Your answer must be the exact lines of the listing below that run from the line with "It says launched." to the line with "Creating a workflow", ends included, and no pictures.

Start of RECORDS SUPPLIED

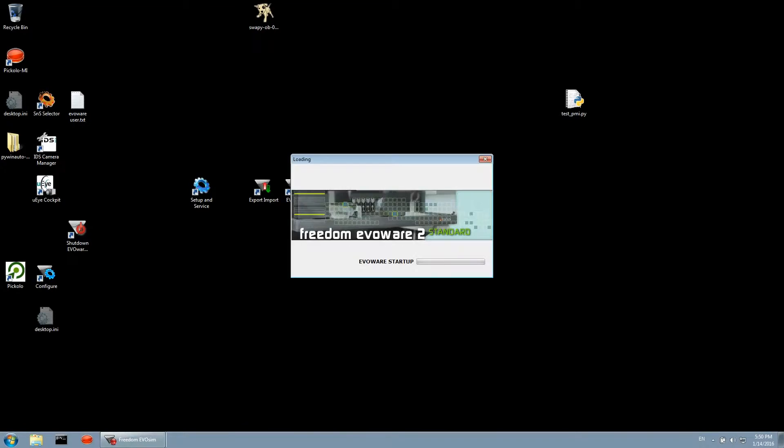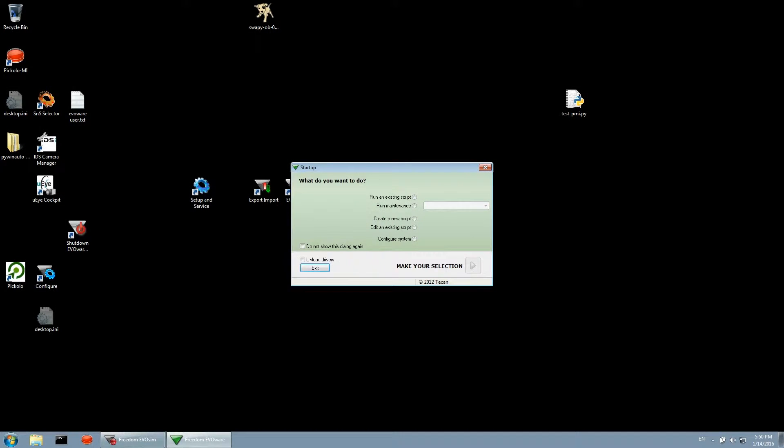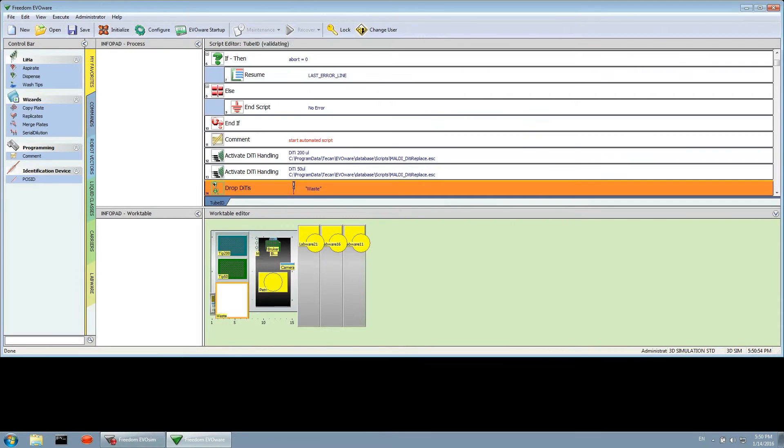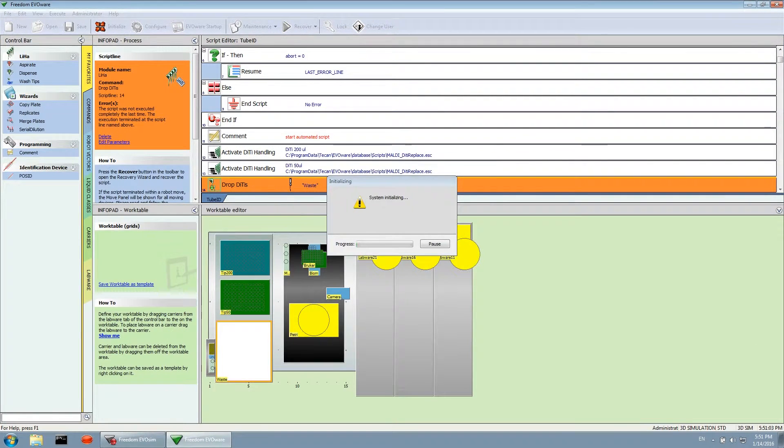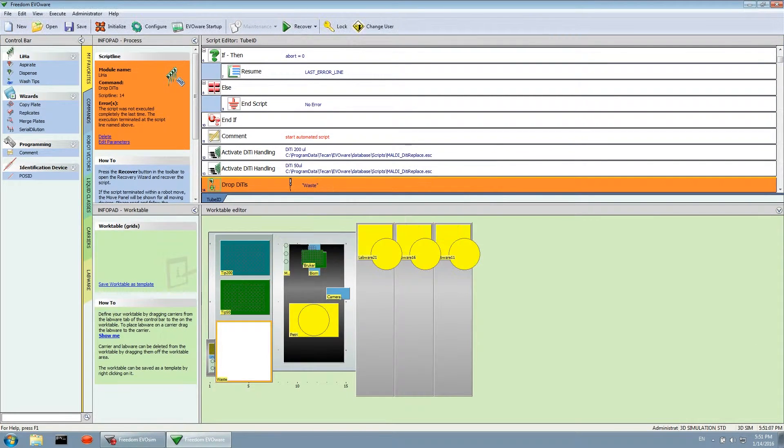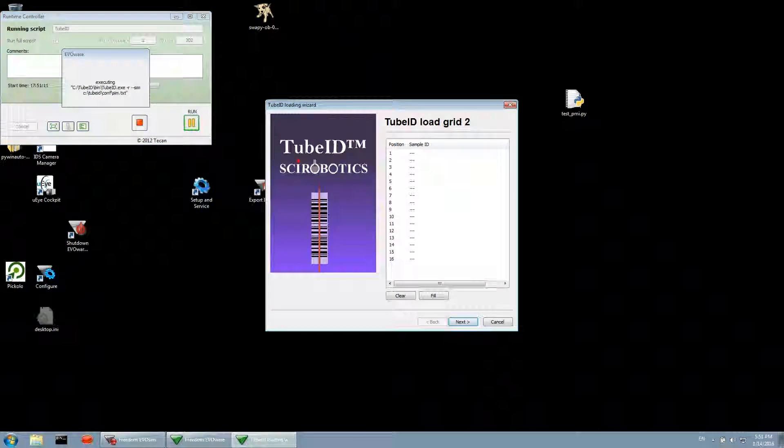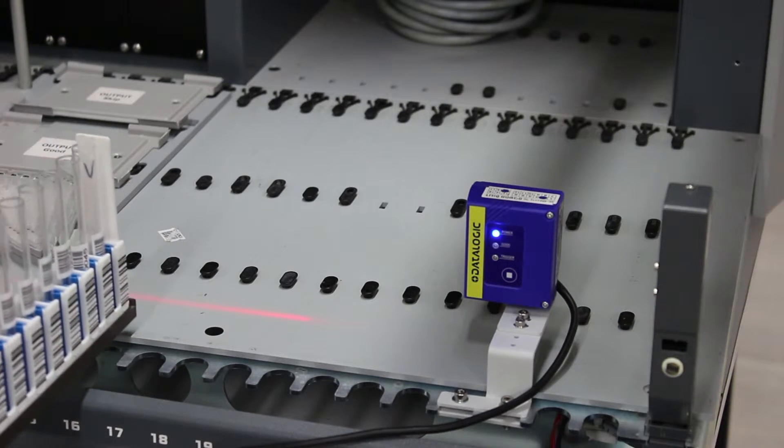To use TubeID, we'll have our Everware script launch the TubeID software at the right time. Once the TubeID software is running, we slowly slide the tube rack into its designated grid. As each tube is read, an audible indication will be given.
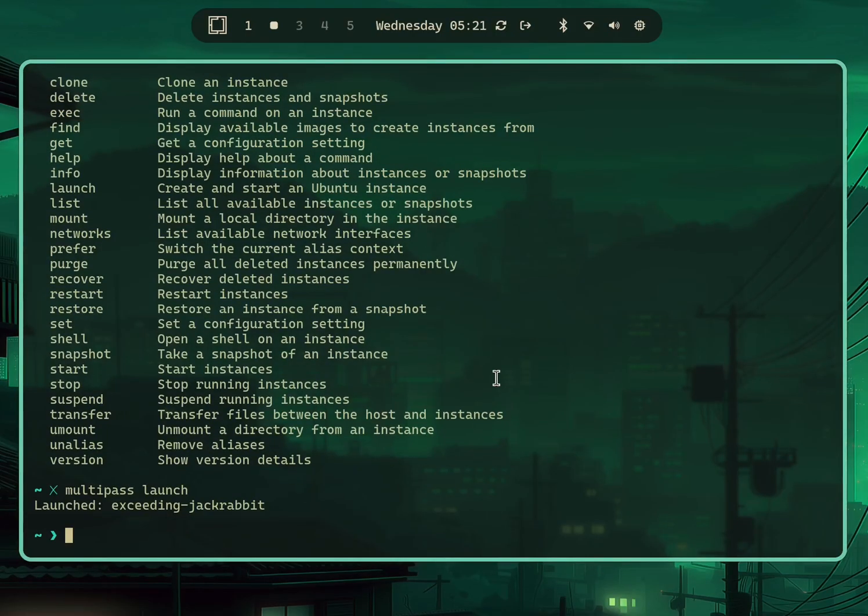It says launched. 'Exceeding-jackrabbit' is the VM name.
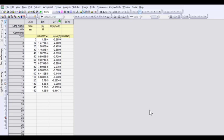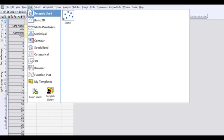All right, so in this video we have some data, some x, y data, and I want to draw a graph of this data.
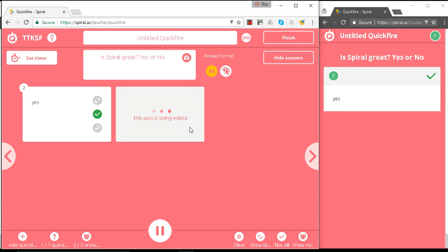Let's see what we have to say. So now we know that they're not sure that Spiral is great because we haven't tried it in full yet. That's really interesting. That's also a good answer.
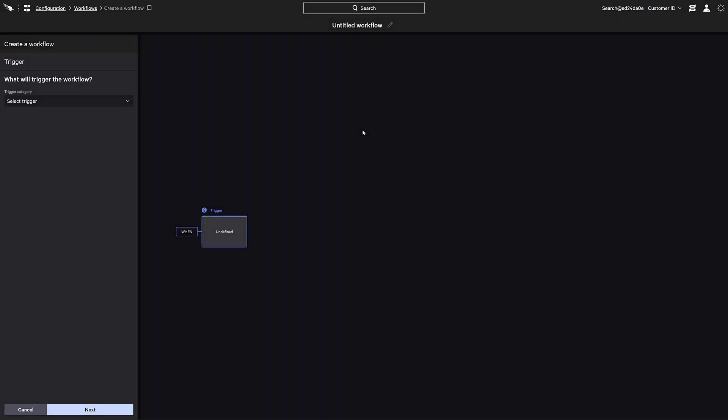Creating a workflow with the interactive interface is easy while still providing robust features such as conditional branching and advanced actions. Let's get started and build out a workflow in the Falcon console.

End of RECORDS SUPPLIED
Start of RECORDS SUPPLIED

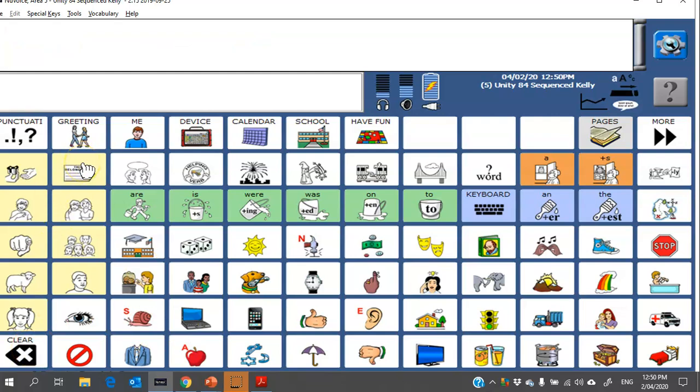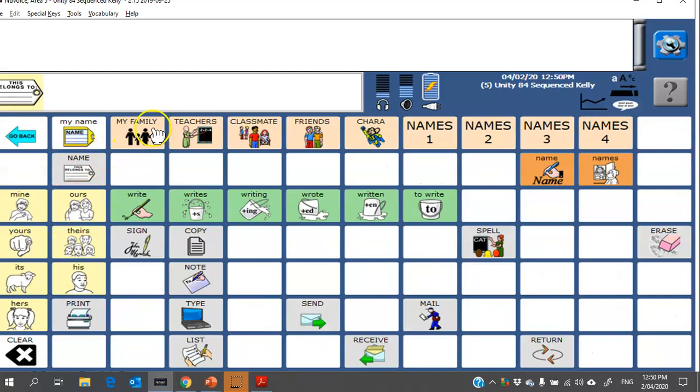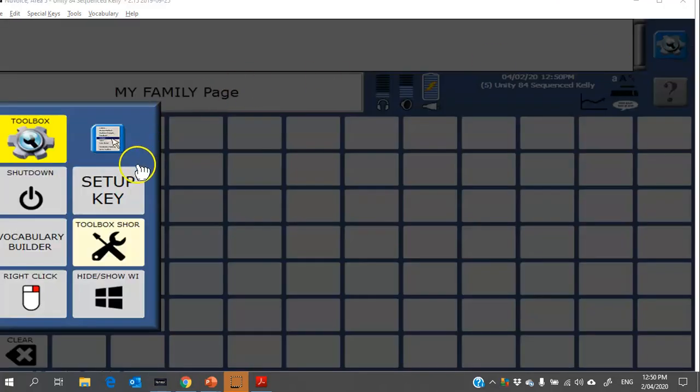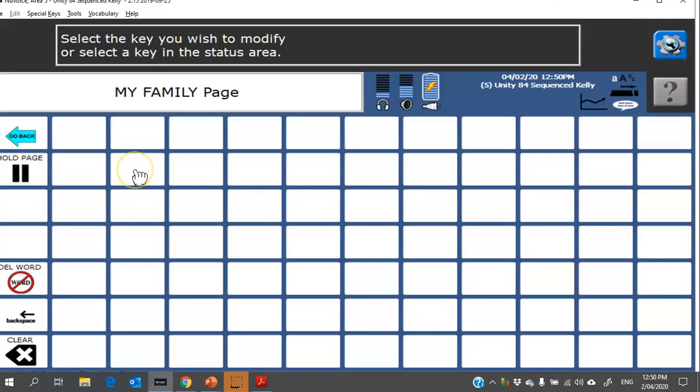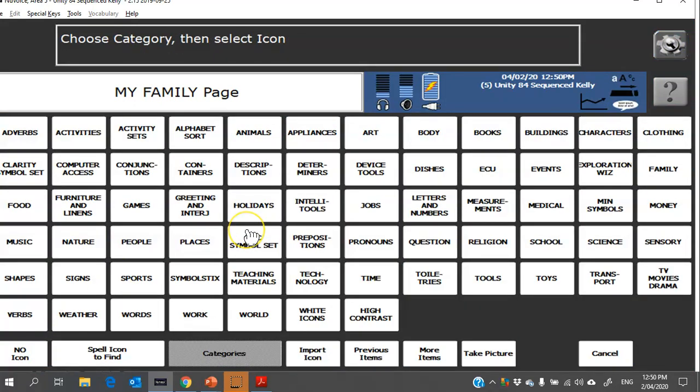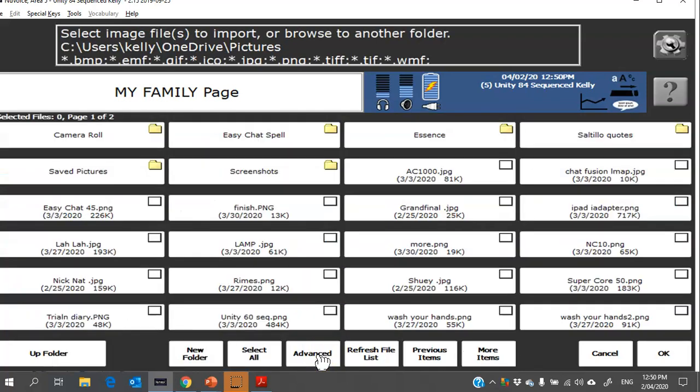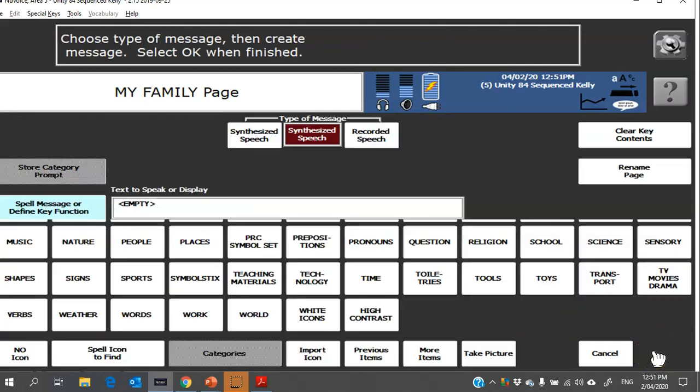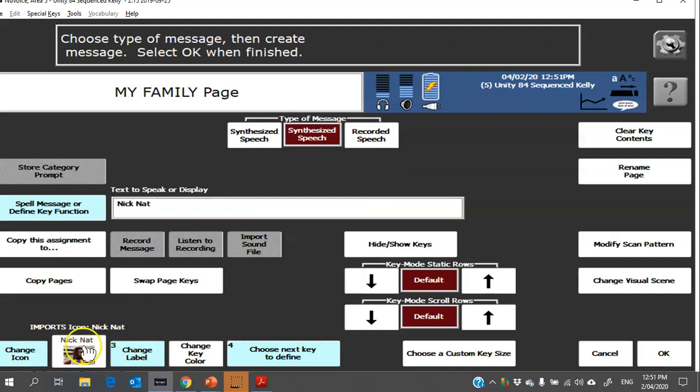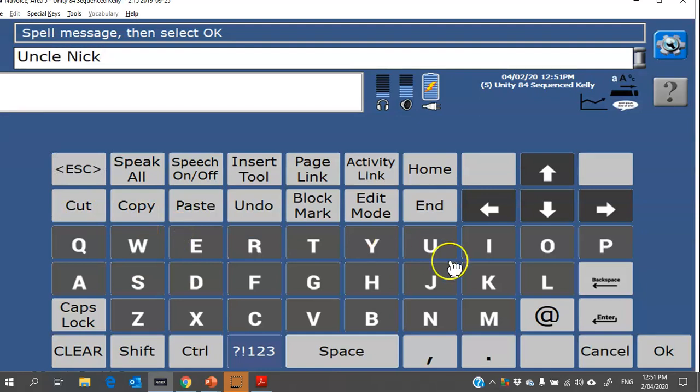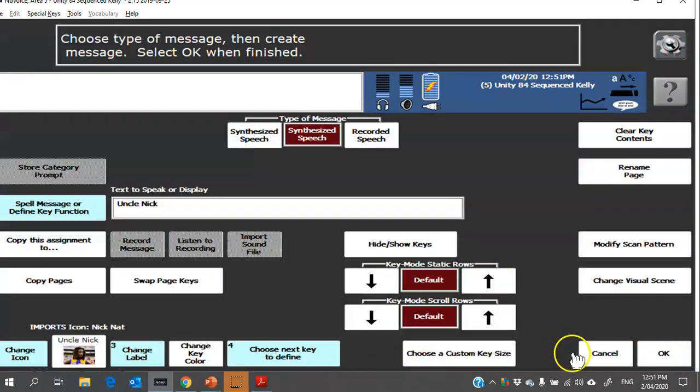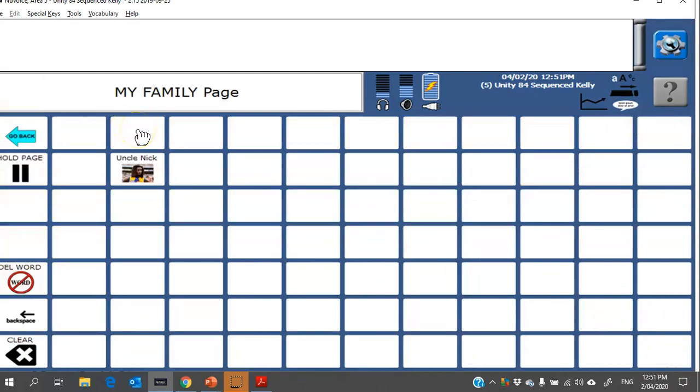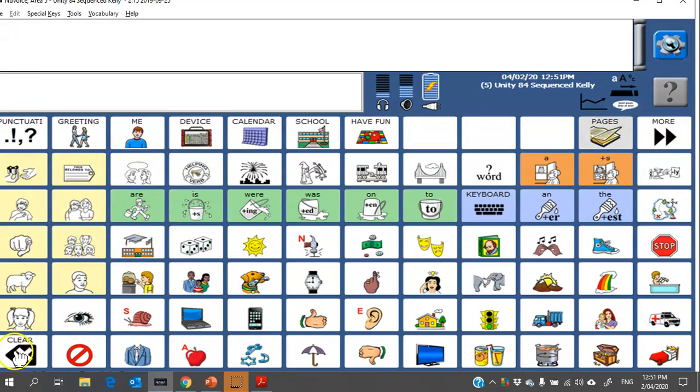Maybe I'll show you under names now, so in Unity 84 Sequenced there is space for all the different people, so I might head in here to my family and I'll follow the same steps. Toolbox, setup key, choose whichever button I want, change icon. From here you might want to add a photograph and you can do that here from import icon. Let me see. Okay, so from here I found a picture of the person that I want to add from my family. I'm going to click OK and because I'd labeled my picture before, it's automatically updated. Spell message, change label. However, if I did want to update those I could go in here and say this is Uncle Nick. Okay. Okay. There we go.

End of RECORDS SUPPLIED
Start of RECORDS SUPPLIED

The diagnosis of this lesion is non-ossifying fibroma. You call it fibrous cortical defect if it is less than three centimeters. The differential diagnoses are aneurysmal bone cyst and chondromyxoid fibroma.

End of RECORDS SUPPLIED

> **EXERCISE ANSWER**:
It says launched. 'Exceeding-jackrabbit' is the VM name.
All right, so in this video we have some data, some x, y data, and I want to draw a graph of this data.
Let's see what we have to say. So now we know that they're not sure that Spiral is great because we haven't tried it in full yet. That's really interesting. That's also a good answer.
Creating a workflow with the interactive interface is easy while still providing robust features such as conditional branching and advanced actions. Let's get started and build out a workflow in the Falcon console.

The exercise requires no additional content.